L’autre soirée de conférence fut l’occasion pour nous d’aborder l’importance de la compréhension de la Physique ainsi que de l’anatomie de l’athlète. Nous avons tendance à l’oublier, et surtout lorsque nous pratiquons du sport, mais tous nos mouvements sont régis par les lois de l’Univers ! Trois principes vont être primordiaux dans notre pratique : l’inertie, l’accélération et la réaction. À chaque fois que nous sommes sur le point de soulever la barre, nous devrions garder ces trois principes à l’esprit. Vaincre l’inertie requiert de la rigidité musculaire surtout dans le haut du dos et de pouvoir produire une accélération contrôlée. La réaction peut être appliquée grâce à un point de contact avec le sol, point de contact se révélant être ? Je vous le donne dans le mile : les pieds ! C’est la principale raison pour laquelle je ne suis pas un fan de l’école soviétique en haltérophilie. On y apprend le padriff aux athlètes. Le padriff est en quelque sorte l’instruction de sauter en l’air et de faire claquer les pieds sur la plate-forme. On peut donc identifier l’école technique à l’oreille. L’inconvénient de cette technique s’explique par une capacité réduite de l’athlète à appliquer une force de réaction contre la barre, n’empêchant pas cette dernière de l’écraser car passant plus de temps en l’air. À contrario, nous avons l’école chinoise qui apprend aux athlètes à faire glisser les pieds à l’extérieur afin de maximiser le temps passé au sol et donc à appliquer une force de réaction sur la barre. Moins de bruit, plus de contrôle ! De surcroît, la première école, du fait de son claquement de pieds agressifs, ne semble pas favoriser la longévité des genoux et des talons. Raison de plus de préférer le glissement des pieds !

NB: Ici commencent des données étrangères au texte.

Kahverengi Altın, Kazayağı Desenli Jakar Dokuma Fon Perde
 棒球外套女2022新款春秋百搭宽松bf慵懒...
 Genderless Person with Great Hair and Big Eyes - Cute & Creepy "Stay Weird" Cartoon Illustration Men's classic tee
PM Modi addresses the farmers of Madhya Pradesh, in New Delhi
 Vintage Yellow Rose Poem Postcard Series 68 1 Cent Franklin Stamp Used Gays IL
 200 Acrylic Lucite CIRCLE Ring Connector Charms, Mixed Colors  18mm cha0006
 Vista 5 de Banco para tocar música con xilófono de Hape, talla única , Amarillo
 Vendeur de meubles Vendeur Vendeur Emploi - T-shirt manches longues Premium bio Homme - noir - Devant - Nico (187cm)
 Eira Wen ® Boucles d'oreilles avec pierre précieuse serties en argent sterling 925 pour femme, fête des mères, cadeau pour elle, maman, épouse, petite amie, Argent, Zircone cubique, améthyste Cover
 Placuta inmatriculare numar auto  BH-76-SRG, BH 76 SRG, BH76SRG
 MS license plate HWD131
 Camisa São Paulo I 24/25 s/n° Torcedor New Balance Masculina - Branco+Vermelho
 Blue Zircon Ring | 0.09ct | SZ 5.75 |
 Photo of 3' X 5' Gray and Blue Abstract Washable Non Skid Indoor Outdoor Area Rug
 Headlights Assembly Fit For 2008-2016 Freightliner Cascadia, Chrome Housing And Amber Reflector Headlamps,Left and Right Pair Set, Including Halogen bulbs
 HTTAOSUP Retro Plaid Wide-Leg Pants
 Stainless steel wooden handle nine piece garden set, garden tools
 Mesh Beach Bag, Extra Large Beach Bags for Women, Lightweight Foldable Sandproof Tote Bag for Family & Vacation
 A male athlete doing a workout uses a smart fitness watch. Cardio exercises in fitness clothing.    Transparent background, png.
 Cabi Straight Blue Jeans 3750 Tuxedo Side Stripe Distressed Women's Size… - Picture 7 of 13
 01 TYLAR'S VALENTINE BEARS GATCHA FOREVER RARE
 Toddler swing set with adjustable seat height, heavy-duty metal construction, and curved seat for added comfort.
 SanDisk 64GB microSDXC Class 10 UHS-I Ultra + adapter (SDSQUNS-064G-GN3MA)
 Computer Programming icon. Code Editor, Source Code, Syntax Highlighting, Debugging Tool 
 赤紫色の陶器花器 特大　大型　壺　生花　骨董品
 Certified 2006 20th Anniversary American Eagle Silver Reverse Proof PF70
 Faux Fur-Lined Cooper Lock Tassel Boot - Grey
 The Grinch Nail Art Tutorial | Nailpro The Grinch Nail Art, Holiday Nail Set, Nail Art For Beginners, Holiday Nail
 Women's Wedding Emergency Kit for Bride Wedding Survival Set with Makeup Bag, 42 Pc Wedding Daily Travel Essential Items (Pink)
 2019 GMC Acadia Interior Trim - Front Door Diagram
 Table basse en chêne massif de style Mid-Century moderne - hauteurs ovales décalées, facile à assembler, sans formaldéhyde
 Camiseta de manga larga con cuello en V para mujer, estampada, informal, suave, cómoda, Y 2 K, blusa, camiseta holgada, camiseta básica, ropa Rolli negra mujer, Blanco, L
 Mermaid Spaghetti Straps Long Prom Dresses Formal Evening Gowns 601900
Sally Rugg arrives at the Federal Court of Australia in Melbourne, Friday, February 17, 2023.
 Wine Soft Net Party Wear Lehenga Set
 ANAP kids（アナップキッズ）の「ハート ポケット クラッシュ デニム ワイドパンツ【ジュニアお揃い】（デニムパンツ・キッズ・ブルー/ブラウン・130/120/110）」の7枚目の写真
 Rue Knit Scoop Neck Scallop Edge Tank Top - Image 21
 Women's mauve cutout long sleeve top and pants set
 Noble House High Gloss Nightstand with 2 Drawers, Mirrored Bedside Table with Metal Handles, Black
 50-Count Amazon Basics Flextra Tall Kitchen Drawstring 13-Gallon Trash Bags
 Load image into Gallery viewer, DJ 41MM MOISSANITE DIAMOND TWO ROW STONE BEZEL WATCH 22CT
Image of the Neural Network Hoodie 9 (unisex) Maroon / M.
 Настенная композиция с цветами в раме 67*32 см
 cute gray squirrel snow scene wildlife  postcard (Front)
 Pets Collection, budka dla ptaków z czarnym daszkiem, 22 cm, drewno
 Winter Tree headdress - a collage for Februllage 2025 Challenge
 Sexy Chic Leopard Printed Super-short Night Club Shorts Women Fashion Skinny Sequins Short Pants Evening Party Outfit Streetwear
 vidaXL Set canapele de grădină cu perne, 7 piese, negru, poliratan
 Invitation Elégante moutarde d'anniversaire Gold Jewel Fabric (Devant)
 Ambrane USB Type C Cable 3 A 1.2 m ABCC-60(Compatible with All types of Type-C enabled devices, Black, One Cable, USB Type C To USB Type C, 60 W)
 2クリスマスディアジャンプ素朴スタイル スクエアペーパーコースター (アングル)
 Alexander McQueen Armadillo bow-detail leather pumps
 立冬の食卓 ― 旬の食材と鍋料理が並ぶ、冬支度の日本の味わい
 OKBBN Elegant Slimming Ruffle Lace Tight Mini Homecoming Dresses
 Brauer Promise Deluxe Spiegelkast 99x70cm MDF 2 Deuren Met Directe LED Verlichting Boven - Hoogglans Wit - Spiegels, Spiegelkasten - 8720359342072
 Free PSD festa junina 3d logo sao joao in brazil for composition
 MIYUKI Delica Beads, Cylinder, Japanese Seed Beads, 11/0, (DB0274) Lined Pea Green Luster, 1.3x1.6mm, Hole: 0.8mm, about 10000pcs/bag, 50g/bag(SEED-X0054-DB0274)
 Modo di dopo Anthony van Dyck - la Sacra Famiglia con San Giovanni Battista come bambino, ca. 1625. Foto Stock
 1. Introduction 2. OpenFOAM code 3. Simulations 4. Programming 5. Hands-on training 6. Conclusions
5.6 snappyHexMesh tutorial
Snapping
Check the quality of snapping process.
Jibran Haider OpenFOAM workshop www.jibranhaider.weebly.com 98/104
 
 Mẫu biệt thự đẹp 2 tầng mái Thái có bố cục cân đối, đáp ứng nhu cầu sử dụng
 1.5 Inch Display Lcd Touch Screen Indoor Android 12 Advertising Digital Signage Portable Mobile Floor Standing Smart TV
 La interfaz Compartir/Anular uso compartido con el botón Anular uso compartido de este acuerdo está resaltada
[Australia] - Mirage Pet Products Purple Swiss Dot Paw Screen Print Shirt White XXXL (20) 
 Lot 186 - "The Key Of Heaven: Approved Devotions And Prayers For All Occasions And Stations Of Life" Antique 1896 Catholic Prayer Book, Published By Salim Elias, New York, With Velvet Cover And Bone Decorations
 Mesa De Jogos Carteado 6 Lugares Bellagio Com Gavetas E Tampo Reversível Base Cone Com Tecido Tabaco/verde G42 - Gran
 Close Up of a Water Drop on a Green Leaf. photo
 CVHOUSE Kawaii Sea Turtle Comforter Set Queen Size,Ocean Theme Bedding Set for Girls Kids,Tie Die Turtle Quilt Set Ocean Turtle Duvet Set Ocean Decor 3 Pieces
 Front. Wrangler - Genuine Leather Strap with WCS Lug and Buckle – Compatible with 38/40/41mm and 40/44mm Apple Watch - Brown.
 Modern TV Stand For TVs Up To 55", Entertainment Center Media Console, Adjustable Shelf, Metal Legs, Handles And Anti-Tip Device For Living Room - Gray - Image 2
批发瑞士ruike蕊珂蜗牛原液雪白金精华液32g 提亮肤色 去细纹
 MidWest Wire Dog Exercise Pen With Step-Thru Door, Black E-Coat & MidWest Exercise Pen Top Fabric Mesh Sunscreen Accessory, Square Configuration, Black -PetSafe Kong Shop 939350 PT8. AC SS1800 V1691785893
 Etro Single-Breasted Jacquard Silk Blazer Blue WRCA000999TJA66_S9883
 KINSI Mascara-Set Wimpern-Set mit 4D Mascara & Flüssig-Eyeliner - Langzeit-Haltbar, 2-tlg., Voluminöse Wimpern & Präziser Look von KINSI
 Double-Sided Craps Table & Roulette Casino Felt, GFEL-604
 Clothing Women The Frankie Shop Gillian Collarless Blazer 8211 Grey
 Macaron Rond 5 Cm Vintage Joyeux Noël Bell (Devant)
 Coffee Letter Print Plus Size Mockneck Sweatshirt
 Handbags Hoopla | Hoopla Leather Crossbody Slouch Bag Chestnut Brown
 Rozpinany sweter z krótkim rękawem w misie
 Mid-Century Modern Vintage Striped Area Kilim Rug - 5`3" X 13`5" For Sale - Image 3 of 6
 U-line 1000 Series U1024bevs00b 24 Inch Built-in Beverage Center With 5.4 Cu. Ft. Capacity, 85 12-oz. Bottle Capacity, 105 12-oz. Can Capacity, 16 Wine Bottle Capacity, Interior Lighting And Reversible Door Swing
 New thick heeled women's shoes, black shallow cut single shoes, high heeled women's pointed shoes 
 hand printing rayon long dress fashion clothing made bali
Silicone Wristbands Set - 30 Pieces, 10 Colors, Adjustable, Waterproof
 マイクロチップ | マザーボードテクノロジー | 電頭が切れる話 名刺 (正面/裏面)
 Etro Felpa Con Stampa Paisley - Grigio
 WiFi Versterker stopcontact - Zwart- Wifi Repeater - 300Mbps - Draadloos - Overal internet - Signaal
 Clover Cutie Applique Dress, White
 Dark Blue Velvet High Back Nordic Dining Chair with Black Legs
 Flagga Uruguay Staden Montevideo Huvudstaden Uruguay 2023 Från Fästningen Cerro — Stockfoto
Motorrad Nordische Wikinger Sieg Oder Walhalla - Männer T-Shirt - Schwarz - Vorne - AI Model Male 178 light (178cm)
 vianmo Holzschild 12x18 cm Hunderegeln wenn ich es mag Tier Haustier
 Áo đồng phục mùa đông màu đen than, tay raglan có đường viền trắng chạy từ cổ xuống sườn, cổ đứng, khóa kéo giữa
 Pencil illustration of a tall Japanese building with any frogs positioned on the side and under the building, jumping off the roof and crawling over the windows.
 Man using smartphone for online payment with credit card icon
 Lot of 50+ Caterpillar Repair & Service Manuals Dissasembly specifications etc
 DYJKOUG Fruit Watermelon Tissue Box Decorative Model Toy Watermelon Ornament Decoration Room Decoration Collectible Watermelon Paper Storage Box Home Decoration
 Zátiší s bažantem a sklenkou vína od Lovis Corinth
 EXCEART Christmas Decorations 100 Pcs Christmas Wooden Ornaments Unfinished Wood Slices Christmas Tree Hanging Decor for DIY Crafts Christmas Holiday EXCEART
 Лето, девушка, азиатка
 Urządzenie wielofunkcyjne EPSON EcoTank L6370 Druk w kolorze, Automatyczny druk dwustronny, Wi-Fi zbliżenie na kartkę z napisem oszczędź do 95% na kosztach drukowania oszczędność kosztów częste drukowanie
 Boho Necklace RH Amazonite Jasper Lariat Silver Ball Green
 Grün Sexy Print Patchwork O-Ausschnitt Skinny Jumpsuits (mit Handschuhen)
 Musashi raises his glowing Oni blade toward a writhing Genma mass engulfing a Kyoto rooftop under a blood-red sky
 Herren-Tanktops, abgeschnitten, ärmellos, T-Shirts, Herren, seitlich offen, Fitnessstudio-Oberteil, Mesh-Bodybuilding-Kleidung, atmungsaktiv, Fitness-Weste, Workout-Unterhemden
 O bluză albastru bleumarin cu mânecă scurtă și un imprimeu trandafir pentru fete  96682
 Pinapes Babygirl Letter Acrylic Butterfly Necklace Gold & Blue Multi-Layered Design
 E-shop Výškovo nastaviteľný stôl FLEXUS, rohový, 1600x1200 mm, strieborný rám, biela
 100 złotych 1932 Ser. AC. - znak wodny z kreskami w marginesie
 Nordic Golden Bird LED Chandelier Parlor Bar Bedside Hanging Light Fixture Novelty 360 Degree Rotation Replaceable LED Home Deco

En ce qui concerne l’anatomie des athlètes et plus précisément l’analyse morphologique, deux zones ont été passées à la loupe : le membre supérieur et la cheville. Pour ce premier, le poignet va faire l’objet d’une attention particulière notamment parce qu’un mauvais positionnement lors de la réception de la charge peut provoquer des blessures au niveau du coude et de l’épaule. Restons donc vigilant ! L’épaule a également fait l’objet d’une attention particulière. Avoir une très bonne mobilité de la ceinture scapulaire va permettre de réceptionner la barre dans des positions bien plus confortable et si besoin de s’en échapper. Tout cela sans se blesser bien sûr. Une bonne mobilité de cheville va servir les mêmes fonctions. Pour déceler d’éventuelles lacunes à ce niveau, l’EWF se sert de certains tests. Tests sombres et obscurs pour certains tandis que pour certains professionnels éclairés, ces tests font partie du quotidien ! J’espère que vous aurez bien sûr pensé à votre kiné. Parmi ces tests nous retrouvons le test de Thomas qui permet d’évaluer la souplesse des ischios-jambiers, un autre se fera à l’aide d’un goniomètre (outil permettant de mesurer les amplitudes articulaires) pour mesurer la flexion plantaire et la flexion dorsale de cheville. Cette dernière étant bien évidemment directement corrélée à une capacité à descendre plus bas lors d’un squat, ce qui est une compétence indispensable en haltérophilie. Une dorsiflexion inférieure à 30° poserait problème et il faudrait donc veiller à travailler dessus afin de gagner quelques degrés supplémentaires. Un autre test proposé par les officiels était de simplement passer un bras dans le dos par-dessus et l’autre par-dessous et de tenter de joindre ses mains. Ce que j’ajouterai comme précision par rapport à ceci est qu’il n’est somme toute pas très intéressant de comparer les résultats de ces tests à une norme mais plutôt de comparer les deux côtés d’un même athlète. Le regarder bouger sous la barre donnera vite une idée des zones pour lesquelles un test serait nécessaire. Comme quoi être un bon coach c’est également avoir un petit côté kiné !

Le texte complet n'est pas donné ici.